Information Systems Security

Information and information systems need to be controlled. A key aspect of control is that an information system should be secure. This is achieved through security controls. Information security ensures that information is only read, heard, changed, broadcast, and otherwise used by people who have the right to do so. Information systems need to be secure if they are to be reliable. Since many businesses are critically reliant on their information systems for key business processes (e.g. websites, production scheduling, transaction processing), security can be seen to be a very important area for management to get right.

What can go wrong?
Data and information in any information system are at risk from:
· Human error: e.g. entering incorrect transactions; failing to spot and correct errors; processing the wrong information; accidentally deleting data.
· Technical errors: e.g. hardware that fails or software that crashes during transaction processing.
· Accidents and disasters: e.g. floods, fire.
· Fraud – deliberate attempts to corrupt or amend previously legitimate data and information.
· Commercial espionage: e.g. competitors deliberately gaining access to commercially sensitive data (e.g. customer details; pricing and profit margin data, designs).
· Malicious damage: where an employee or other person deliberately sets out to destroy or damage data and systems (e.g. hackers, creators of viruses).
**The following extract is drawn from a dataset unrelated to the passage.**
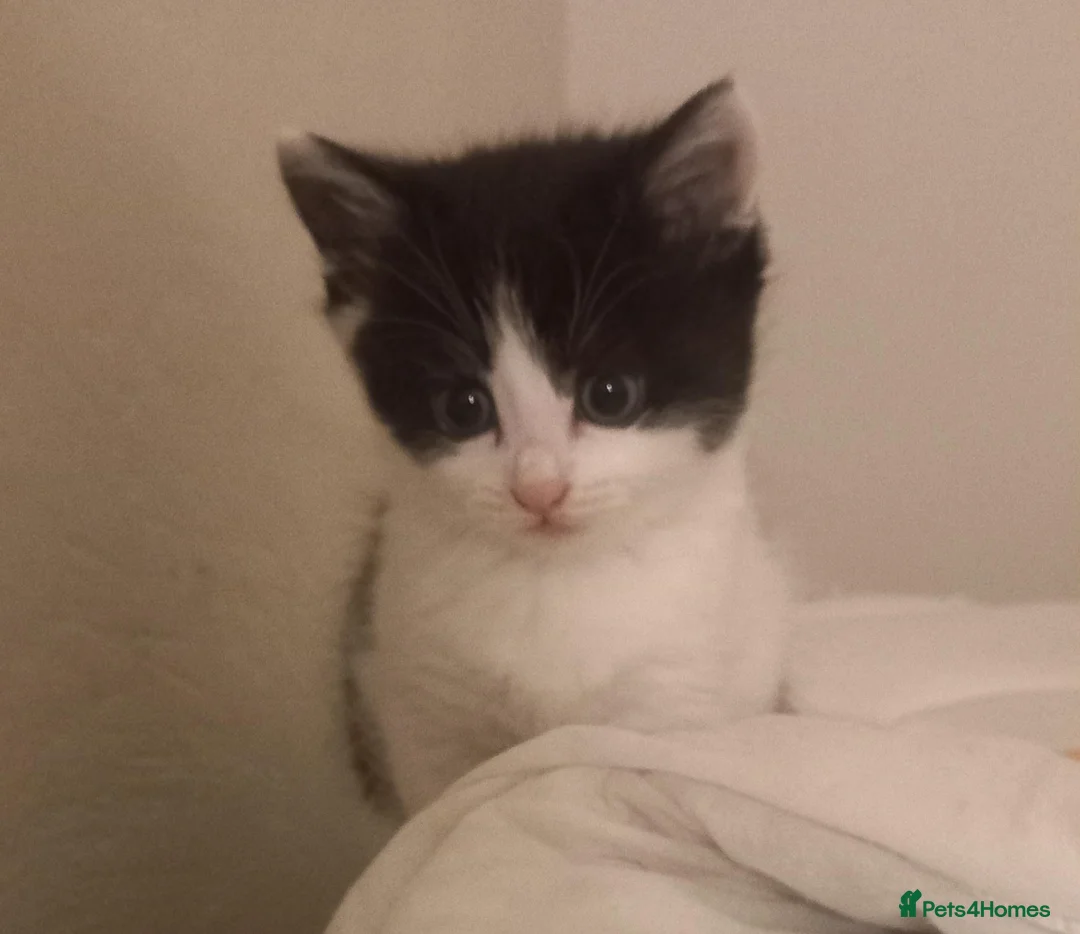Mixed Breed cats for sale: Miss  in Falmouth - Advert 4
Business Benefits Of Good Information Security
Managing information security is often viewed as a headache by management. It is often perceived as adding costs to a business by focusing on “negatives” – i.e what might go wrong. However, there are many potential business benefits from getting information system security right: for example:

If systems are more up-to-date and secure – they are also more likely to be accurate and efficient Security can be used to “differentiate” a business – it helps build confidence with customers and suppliers.

Better information systems can increase the capacity of a business. For example, adding secure online ordering to a website can boost sales enabling customers to buy 24 hours a day, 7 days a week By managing risk more effectively – a business can cut down on losses and potential legal liabilities.

Theft and insecurity are everywhere, Information System Security (ISS) is the protection of an individual, corporate or governmental organization’s investment in cyberspace (Information super high way) against cyber theft, phishing, and malicious attack(s).